In recent weeks the world has taken notice of the long-standing injustice of racism perpetrated against people of color. Many companies, organizations and countries have responded to the brutal killing of an African American in police custody.
Protesters of different races, backgrounds, ages and beliefs are demonstrating their lack of tolerance for this behavior by law enforcement. There must be a remedy to this deep-seated evil that plagues us.
Our convention leaders have spoken out condemning the behavior and practice of racism. Together our voice is clear, but have we done enough?

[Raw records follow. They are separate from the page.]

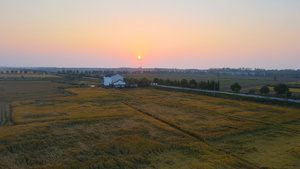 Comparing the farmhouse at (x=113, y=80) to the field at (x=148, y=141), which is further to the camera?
the farmhouse at (x=113, y=80)

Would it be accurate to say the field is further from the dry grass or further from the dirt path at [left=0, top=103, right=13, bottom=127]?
the dirt path at [left=0, top=103, right=13, bottom=127]

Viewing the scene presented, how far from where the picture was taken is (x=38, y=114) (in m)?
19.9

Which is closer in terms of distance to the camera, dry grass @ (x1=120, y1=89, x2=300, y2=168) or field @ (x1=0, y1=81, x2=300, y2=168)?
field @ (x1=0, y1=81, x2=300, y2=168)

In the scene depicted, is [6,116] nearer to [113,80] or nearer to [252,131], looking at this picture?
[252,131]

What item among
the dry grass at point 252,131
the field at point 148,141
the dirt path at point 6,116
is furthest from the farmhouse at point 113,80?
the field at point 148,141

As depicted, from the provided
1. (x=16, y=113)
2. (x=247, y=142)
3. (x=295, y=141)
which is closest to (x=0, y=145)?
A: (x=16, y=113)

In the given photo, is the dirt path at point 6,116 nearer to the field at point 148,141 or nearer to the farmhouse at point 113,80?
the field at point 148,141

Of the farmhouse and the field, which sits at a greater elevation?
the farmhouse

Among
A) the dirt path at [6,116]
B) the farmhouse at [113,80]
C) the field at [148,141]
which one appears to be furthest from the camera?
the farmhouse at [113,80]

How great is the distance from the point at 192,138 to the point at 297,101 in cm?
2101

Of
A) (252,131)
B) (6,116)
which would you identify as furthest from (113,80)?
(252,131)

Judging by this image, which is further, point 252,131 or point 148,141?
point 252,131

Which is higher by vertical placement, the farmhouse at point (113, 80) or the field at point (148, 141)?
the farmhouse at point (113, 80)

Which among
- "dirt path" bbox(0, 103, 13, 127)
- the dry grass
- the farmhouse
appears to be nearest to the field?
the dry grass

It is not enough to simply say, “I don’t condone racism or participate in racism.” We must do what we can to be part of the solution. Scripture tells us in 1 John 4 that God loved us and we ought to love others. In fact, if we don’t love others, then the love of God is not in us.
So what does this mean for you and me? I have never protested and don’t see myself doing that in my future. I can’t change legislature and write policies abolishing racism. Yet, I also cannot call myself a Christian and stand by watching the evil, only to hide it under a “bush.”
What I can do is unveil this evil when it occurs around me. I can and should “… Love thy neighbor as thyself” (Mark 12:31).
We can begin by getting to know someone that we don’t know today. It is difficult to hate or mistreat someone with whom you have developed a relationship. We can practice “intentional neighboring.” The root of the problem is sin. Christ’s love is the answer to sin in the world.
We can and should take these issues to the Lord in prayer. He has given us the assurance that we can ask anything in His name and He will do it.
We can know something needs to be done and be a part of the action to expose sinful behavior. We can love like Jesus loved to change the lives of the people around us. It’s time to stop excusing bad behavior and to expose bad behavior.
Since racism still exists in our world, we are not done. We need one more person to take action where God has given us the opportunity. We need one more act of kindness in our neighborhoods. We need one more person to step up as a leader to be an example, through the God-given gifts and talents we have, using them to His glory and honor.
Silence is not being a part of the solution. Saying you are not the problem is not being a participant in racial justice and equality.
We need one more person to do their part. Is that person you?
(EDITOR’S NOTE – Nate Jones is chair of the Biblical Recorder’s board of directors. He is a member of Cross Culture Church in Raleigh, N.C.)